### Provided material:

=====

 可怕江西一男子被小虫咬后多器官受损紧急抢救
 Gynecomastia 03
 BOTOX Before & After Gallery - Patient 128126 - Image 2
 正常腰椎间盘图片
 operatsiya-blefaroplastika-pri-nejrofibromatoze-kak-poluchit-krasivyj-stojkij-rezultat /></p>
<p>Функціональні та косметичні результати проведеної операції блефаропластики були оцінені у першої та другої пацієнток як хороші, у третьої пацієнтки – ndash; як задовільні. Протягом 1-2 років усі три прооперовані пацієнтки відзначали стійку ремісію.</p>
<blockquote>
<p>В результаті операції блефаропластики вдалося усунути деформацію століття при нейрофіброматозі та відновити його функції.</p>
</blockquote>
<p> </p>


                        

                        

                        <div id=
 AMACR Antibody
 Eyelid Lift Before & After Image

=====

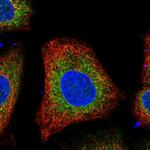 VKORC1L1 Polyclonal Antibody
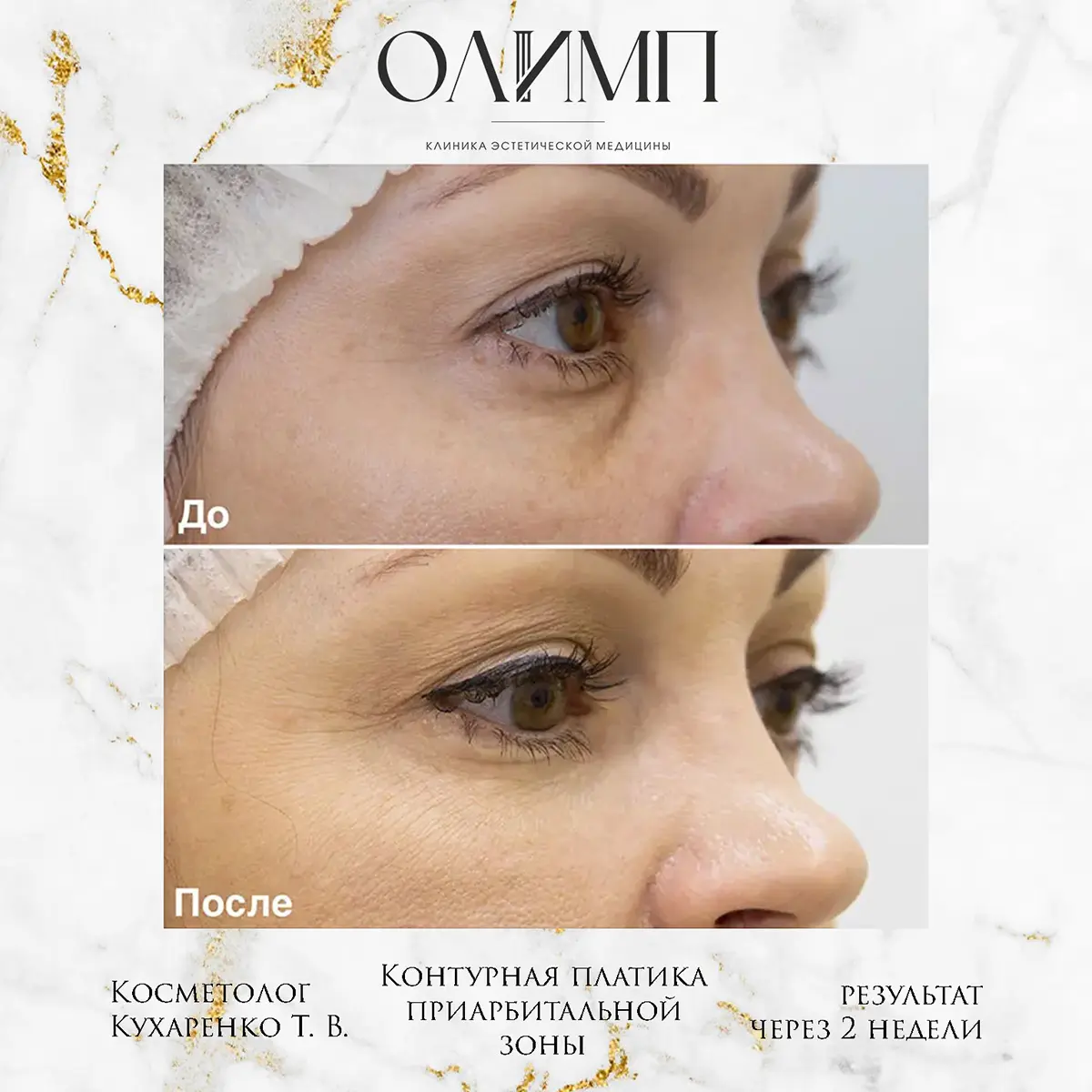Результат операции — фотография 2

=====

### Exercise directions:
Select, from the listing, all lines that include the word "операції".

### Task answer:
<p>Функціональні та косметичні результати проведеної операції блефаропластики були оцінені у першої та другої пацієнток як хороші, у третьої пацієнтки – ndash; як задовільні. Протягом 1-2 років усі три прооперовані пацієнтки відзначали стійку ремісію.</p>
<p>В результаті операції блефаропластики вдалося усунути деформацію століття при нейрофіброматозі та відновити його функції.</p>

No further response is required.